- 0Hi, i was wondering if a GED is enough for me to get into a nursing program or would i have to take certain high school courses or other mandatory classes on my own time before even applying to a nursing program? If i did have to take any classes what would they be? Also, are these what all the prerequisites threads are on or is that for something else? i can't really tell since most of the OP's of those threads seem to already be in school..
I live in SoCal if it matters
- 0I've looked it up a lil more myself but im still wondering if i could take these courses while in a nursing program or would i have to drop everything take these classes and then apply? I also kinda doubt the GED will account for anything now which means i have to take these classes independently... but im pretty sure i've done a few of these courses in high school with passing grades i just need to find my old transcripts hand that in with the GED,finish the other courses,then apply to an RN program right?...
- 0Oct 10, '12 by SaysfaaYou don't need to take any high school classes. If you are under 18 you might need to take the California proficiency test (I'm don't know if that is the same as a GED or not) for the CA school. You should probably check with the schools to confirm.
You do need to take the list of prereqs but these are college level classes so high school level classes would not fill the requirement - unless you took them as AP classes and passed the AP test or took them as a dual-enrollment student (actually enrolled in a college and in the college class while you were high school student). Once in a while, but rarely, a prereq will specifiy that a high school class will fill it. More often, the prereq listed will have a prereq that could be either high school or college.

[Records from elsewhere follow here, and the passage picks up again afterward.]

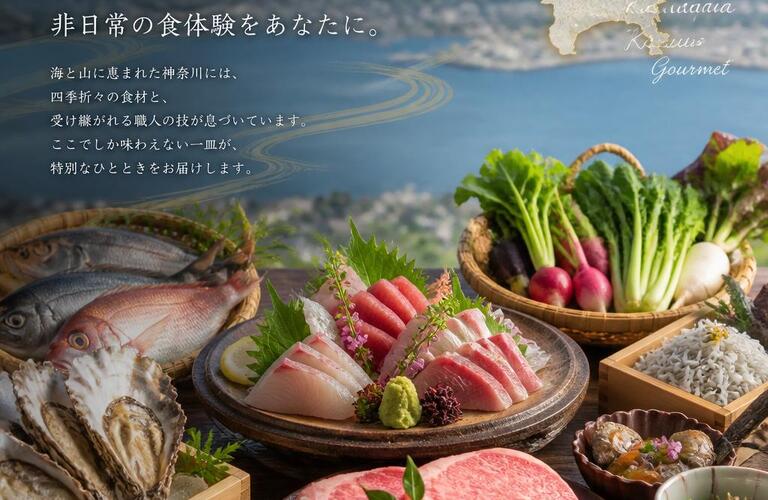 神奈川県の美味に出会う。非日常の食体験をあなたに。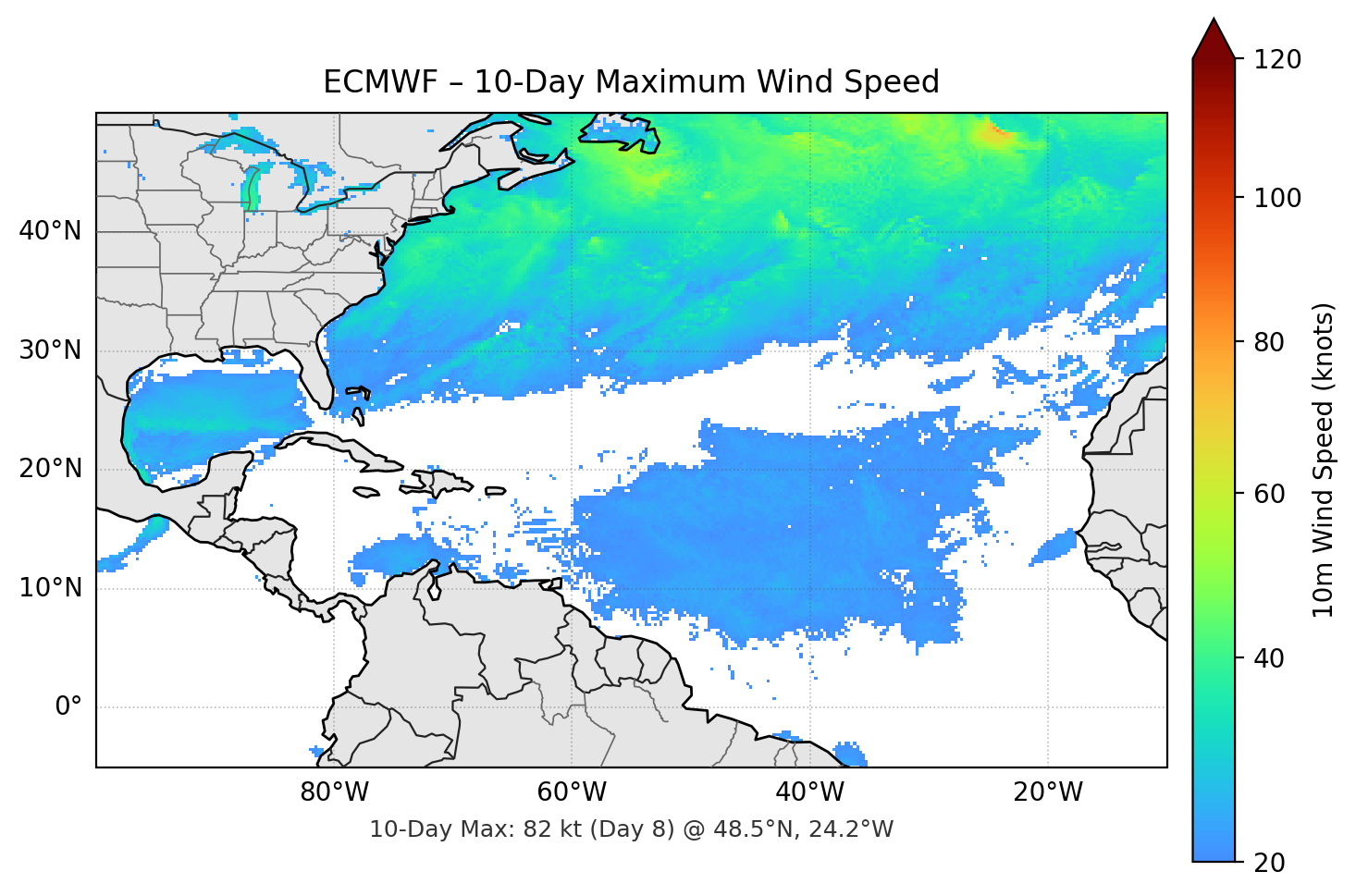 ECMWF 10-Day Max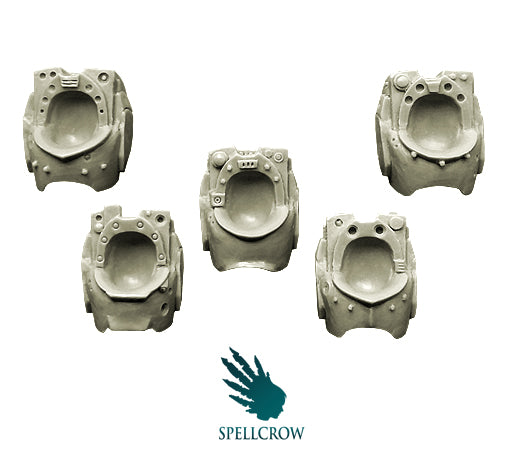 Space Knights Heavy Torsos Minatures Spellcrow    | Red Claw Gaming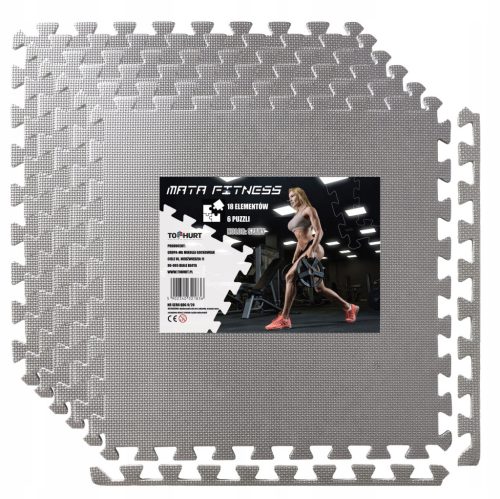 Fitnes puzzle podloga Gockowiak 174 cm x 117,5 cm siva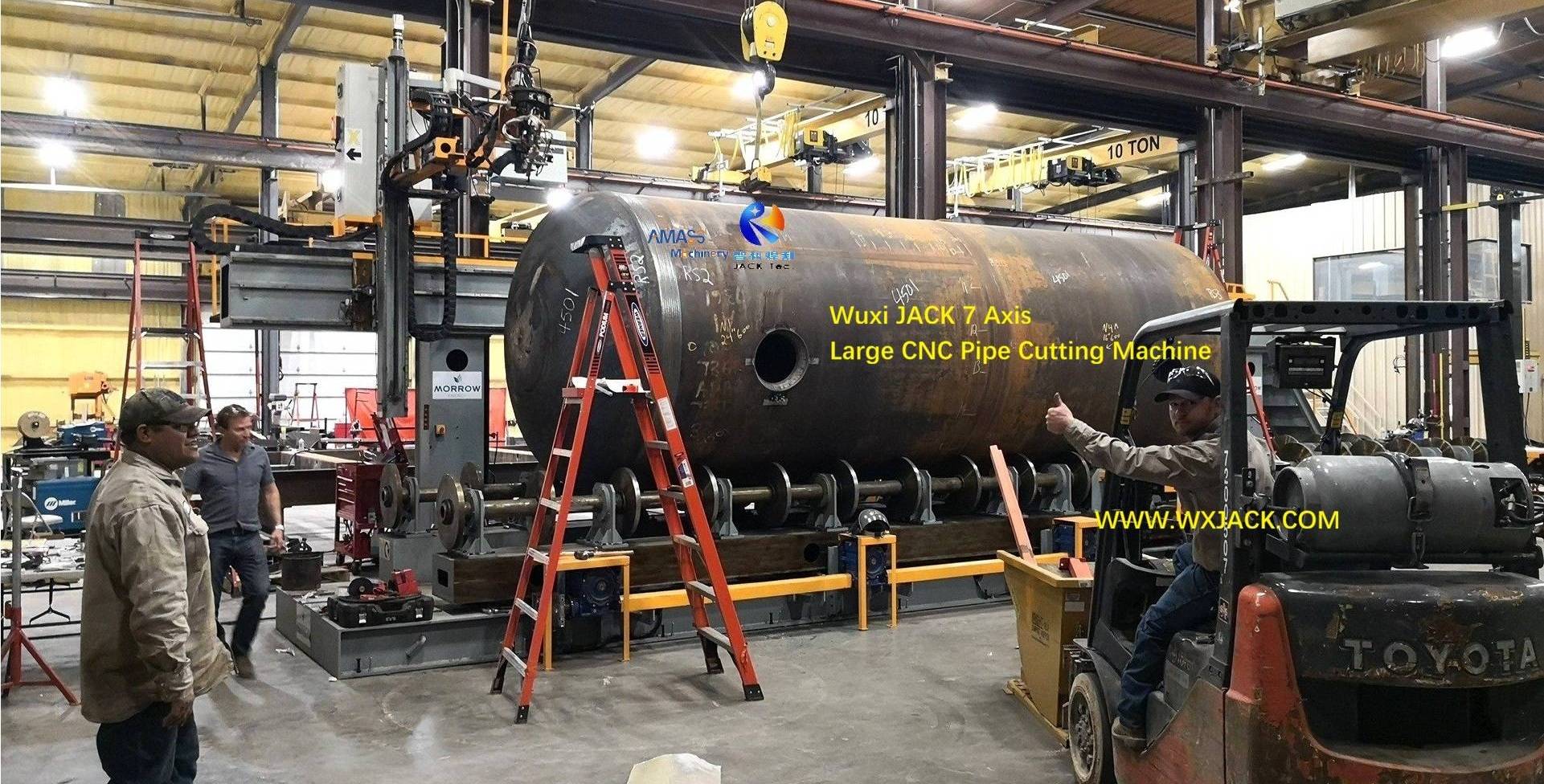 0 7 Axis Large CNC Pipe Cutting Machine 7
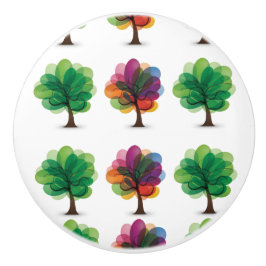 抽象芸術ツリーセラミックノブ セラミックノブ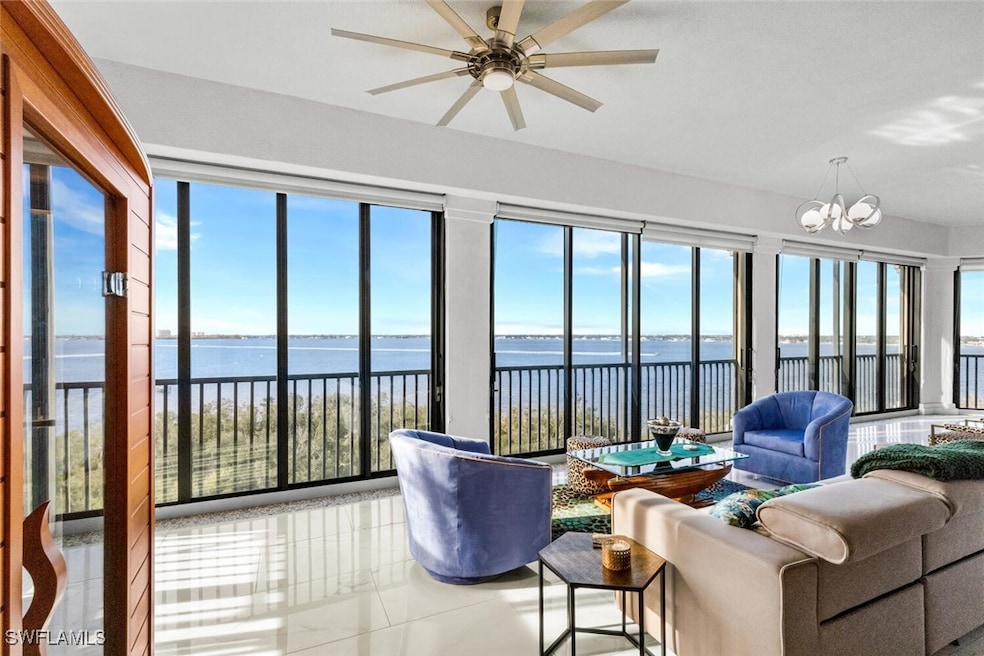 Spectacular River View nearly 700 SF enclosed with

Some schools require you finish all the prereqs before you can apply to the nursing program, most recommend that but some expect students to take some of the nursing classes while they take some of the prereqs.
There may (and probably are) other classes that are needed to graduate but aren't listed by the school. These are general education (gen ed) classes and can be taken anytime. Most people take them before entering the nursing program because the nursing classes don't leave much extra time. Gen Ed usually include things like a physical education class, history or social studies, a fine art, sometimes a foreign language. They will be listed under graduation requirements with a link from either the main page or the academics page (or put it into the search bar of the school website). Your CA link doesn't show them (or the college admission requirements) because it is all about the nursing program, not the college in general.
- 0Thx alot saysfaa that actually cleared alot of things up for me and ill definitely call the school and ask if i can take a few prerequisites while attending the college since i kinda want to do everything at the same time rather than a few classes prior to the associates program and studying shouldn't really be a problem for me since i sort of plan on becoming a night-time security guard while attending college which should give me plenty of time to study
im 18 and outta high school btw
- 0Oct 10, '12 by SaysfaaYou are welcome.
I'm not sure if we are just using different terms for the same thing or if we are saying different things. I'm not sure if you mean "associates program" to mean "nursing program". It kind of does but it isn't usually said that way. Or if you mean "associates program" to mean the whole 64 credits you will need to get an associates degree, of which some of them will be from the nursing program.
Anyway, if you mean it as the "nursing program" even the colleges that allow some of the prereqs to be taken while you take some of the nursing classes still require some (or many or most) of them to be finished before you take any nursing classes.
Either way, "taking prereqs" is always done while "attending the college" or at least attending some college - sometimes they are taken at a different college and transfered.
- 0Oct 10, '12 by MiikiStart at a community college. They usually will allow you to enter with a GED or as a HS dropout and will make you take placement tests. If you are trying to do a ASN program, try to start at that school. If you want a BSN, take at least the number of hours that the university or college requires to be considered a transfer student. At that point, your high school background is pretty close to meaningless. (Too few hours and the university will require high school stuff.)